[RECORDS SHOWN]

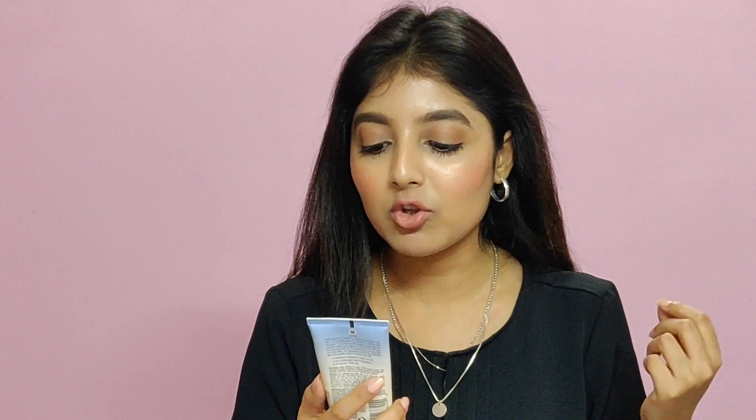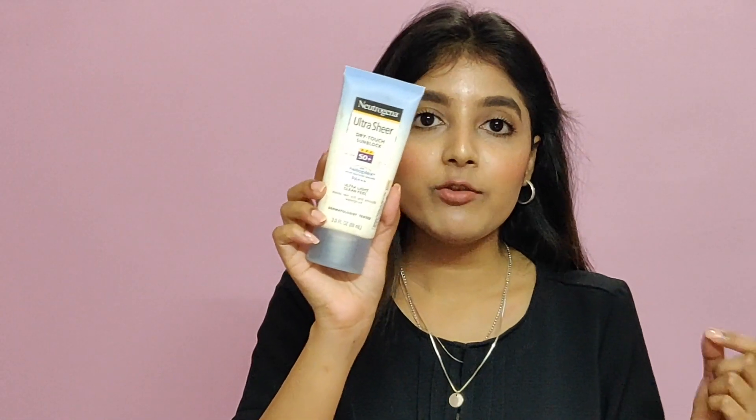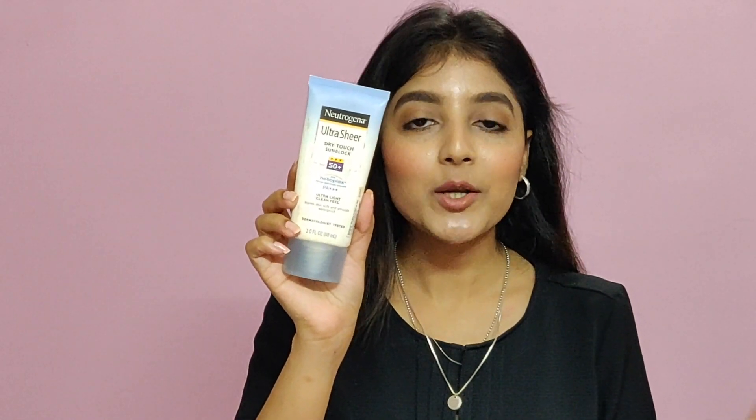The first favorite beauty product I want to talk about is the Neutrogena Ultra Sure Dry Touch Sunblock. One of my beauty resolutions for 2019 was to start applying sunscreen every day, and I have been doing that since day one of 2019. I feel it has made quite a bit of a difference. I love this product because it's great in terms of what it does, and it doesn't leave my skin oily — it dries out and lasts all day.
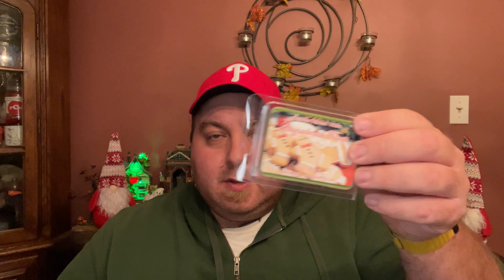Let me show you the wax melts — the backs: Gingerbread, Eggnog, Peppermint Mocha, Christmas Time Is Here, Checking It Twice, and Christmas Eve. The discount code is PCM15 for 15% off — good for everything on the site. Candles are $23, wax melts are $5, and there is a flat rate shipping option now available.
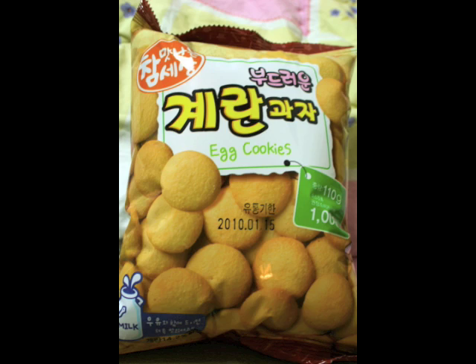The next one on our list is egg cookie. We're not sure if it's a chip or a cookie — let's see if we find out. It looks like, smells like a cookie. It tastes like a vanilla cookie. Wow.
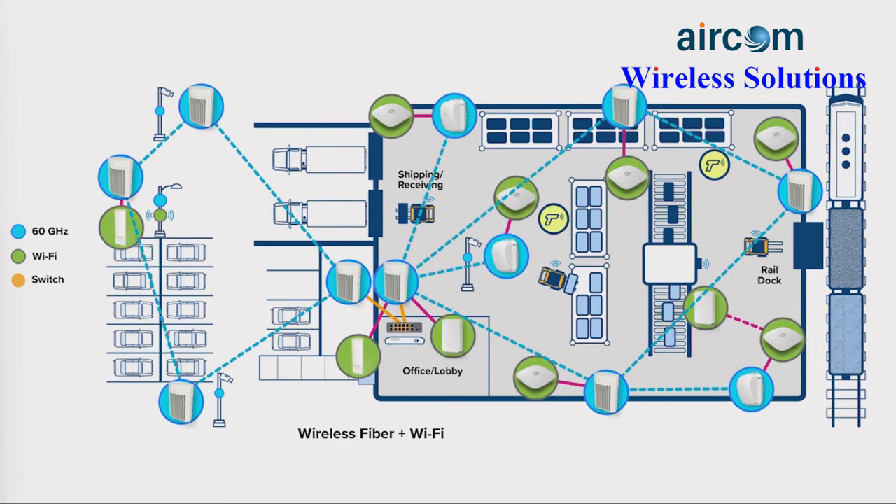Next, let's add the Wi-Fi access points, switches, and network services edge. With wireless fiber extended Wi-Fi, the access network now starts at the yard gate, rail spur, or port. In addition, the wireless fiber can link security cameras across the property.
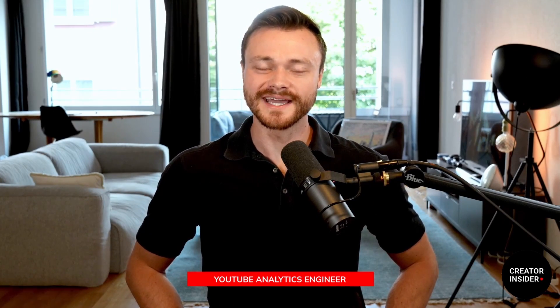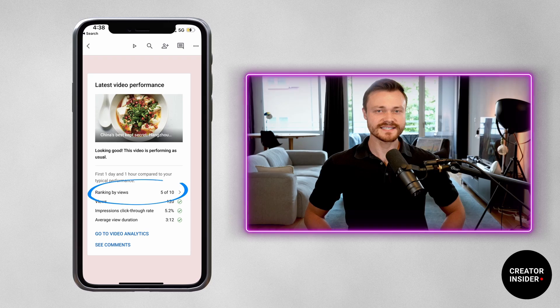Welcome back, Creator Insiders. My name is Eddie. I'm an engineer on the YouTube Analytics team, and today we will be discussing a new change rolling out for the Studio Dashboard's X out of 10 ranking feature.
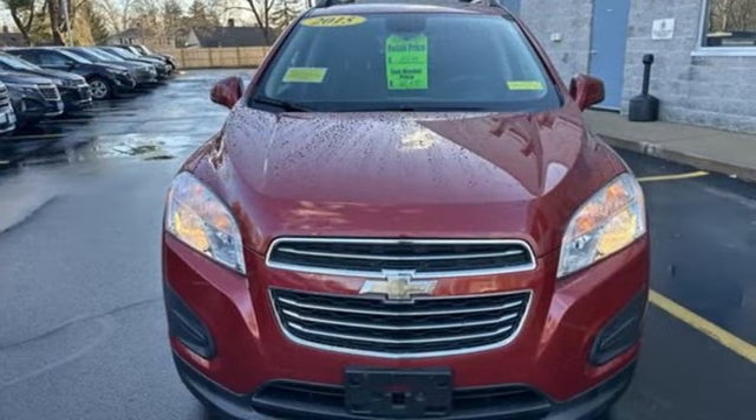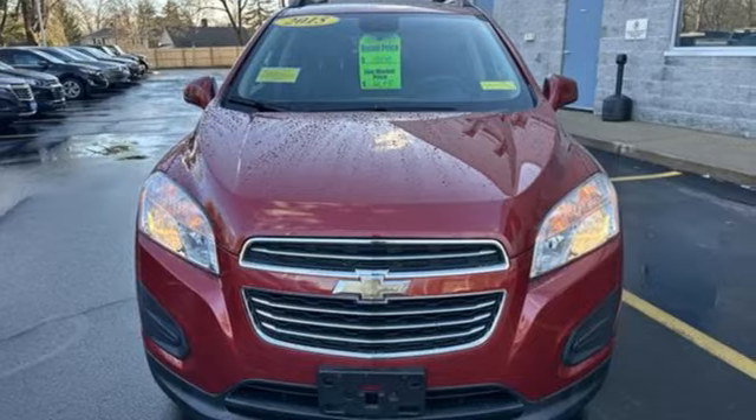Chevy, 100 years of icons. See it for yourself when you take it for a test drive.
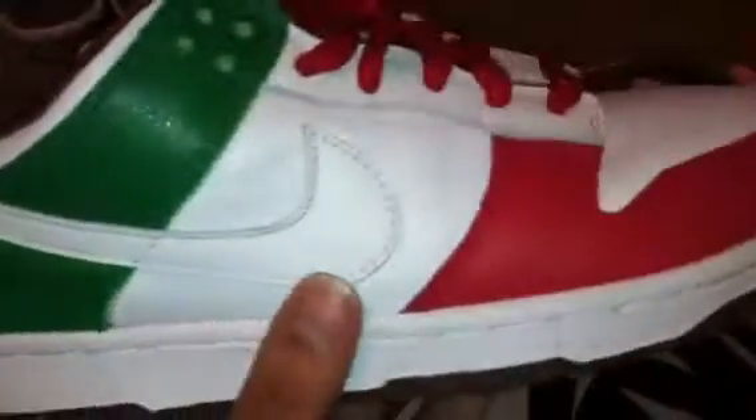Here you guys go — very nice. Pretty much the whole shoe right here. It's all nice leather all around. Right here around the heel, around the toe box — the toe box is white, mid panel is white, and in the back of the heel it's green.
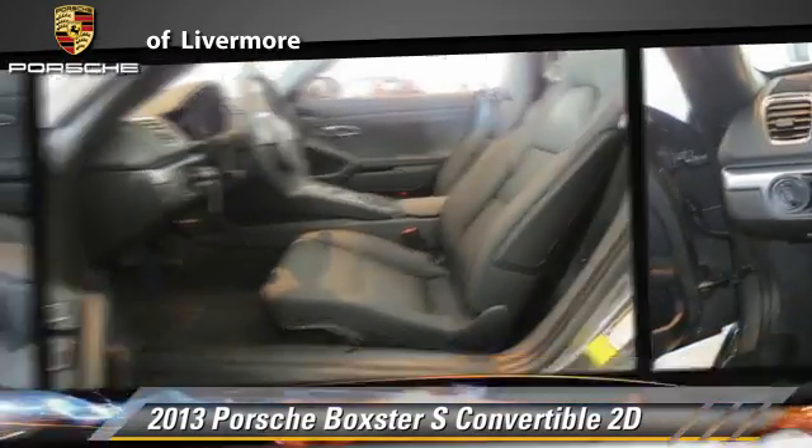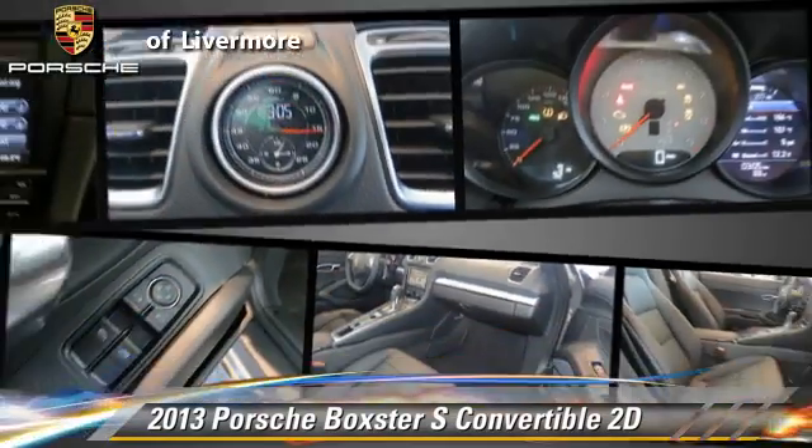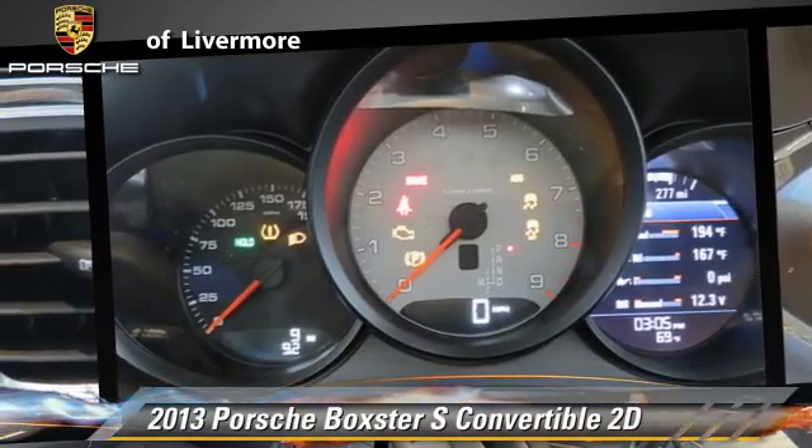premium wheels, and rear spoiler. Safety features include traction control, stability control, and four-wheel ABS.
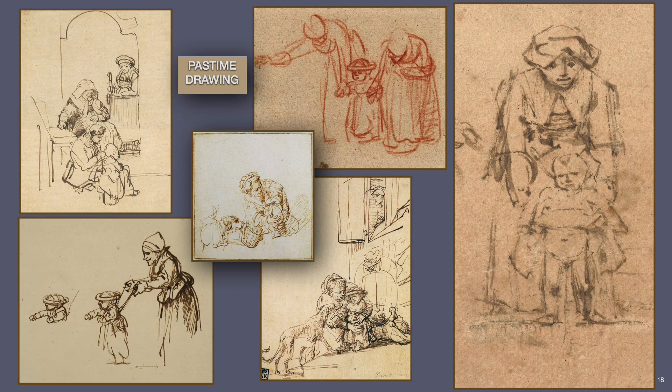Rembrandt drew all the time and direct from the life. The mother and child relationship was a source of endless fascination for him. In a few confident lines, he captured the emotion of a baby's first steps, or the fear in one child's face of a nearby dog, or the expressive frustration of another child wanting to avoid a pestering dog. Note also the tender expressions emphasized upon the faces of the mothers, all keenly observed and felt by the Dutch master.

[/RECORDS SHOWN]

### WORK ORDER
Copy out exactly the lines above beginning with the line that contains "Next, let's add" and finishing with the line that contains "premium wheels, and", including both; leave the pictures out.

### SOLUTION FOR THIS EXERCISE
Next, let's add the Wi-Fi access points, switches, and network services edge. With wireless fiber extended Wi-Fi, the access network now starts at the yard gate, rail spur, or port. In addition, the wireless fiber can link security cameras across the property.
Welcome back, Creator Insiders. My name is Eddie. I'm an engineer on the YouTube Analytics team, and today we will be discussing a new change rolling out for the Studio Dashboard's X out of 10 ranking feature.
Chevy, 100 years of icons. See it for yourself when you take it for a test drive.
Here you guys go — very nice. Pretty much the whole shoe right here. It's all nice leather all around. Right here around the heel, around the toe box — the toe box is white, mid panel is white, and in the back of the heel it's green.
premium wheels, and rear spoiler. Safety features include traction control, stability control, and four-wheel ABS.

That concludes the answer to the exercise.